The Pittsburgh Press (June 10, 1943)
Roving Reporter
By Ernie Pyle
NOTE: This is one in a series of columns by Ernie Pyle reporting on his 13,000-mile trip into the heart of Africa, made before the heavy fighting began in Tunisia.
Somewhere in Africa –
In the tropical, legendary part of Central Africa which once was famous in the worldwide slave trade, there is now a fabulous American camp.
This camp is an airfield, and it is the biggest American aerial operation anywhere outside the United States. It has big shops and great warehouses, and it takes thousands of men to run the place and handle the planes that flow through here.
The camp is equipped to care for hundreds of flying transients every night, and traveling generals and ambassadors are so frequent you don’t bother to ask their names. The place is truly an aerial Times Square.
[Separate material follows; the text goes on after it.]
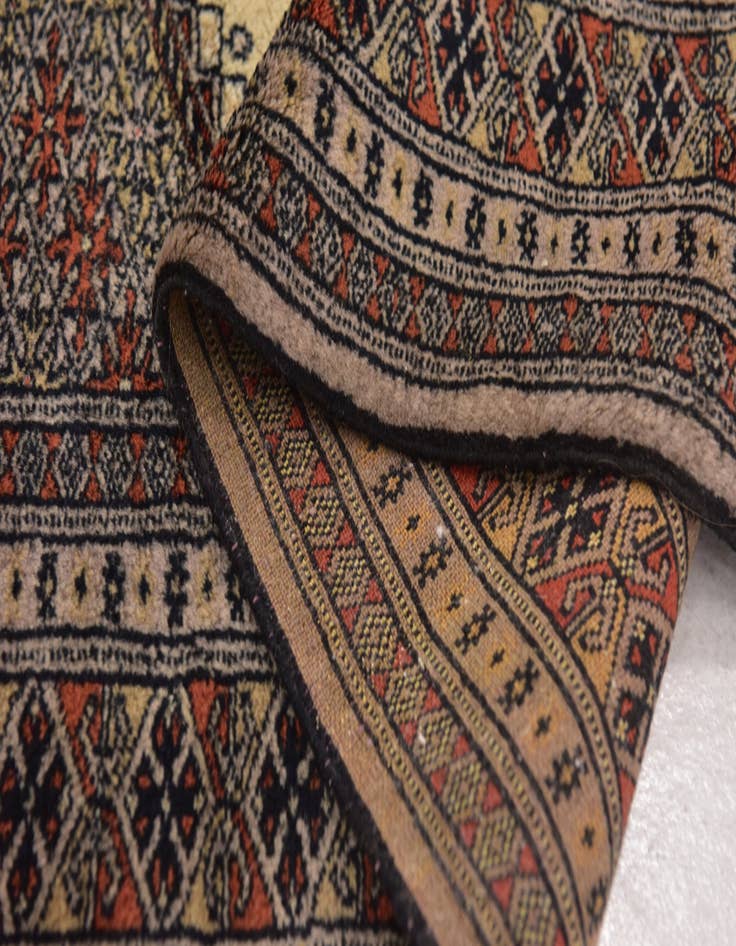 Detail image of  4' 3 x 6'  Hand Knotted Bokhara Oriental Wool Rug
Here men from England, America and India meet and shake hands as they step off their planes, none of them more than three days from home.
Lucky indeed is the soldier who fights the war in that place, for he is healthy, comfortable and comparatively safe.
Movies ahead of U.S. showings
He can surf-bathe on a beach which they say is better than Miami’s. his food is abundant and his bed soft. He is seldom too warm and never too cold. His mail comes from home quickly, and he sees American movies sometimes before they are released at home.
He wears light coveralls or khaki shorts at his work, and the typical sun helmet of the tropics. He takes quinine daily, but his camp is so clean that malaria is rare.
This American post is laid out like one of our modern government-built cities at home. Winding paved streets run all through it. There is some grass, and young trees have been planted. There are three churches, and the finest general store – the post exchange – I’ve seen in Africa. It has one-day laundry and you can get your shoes half-soled in less than two weeks – both of which are phenomenal in Africa.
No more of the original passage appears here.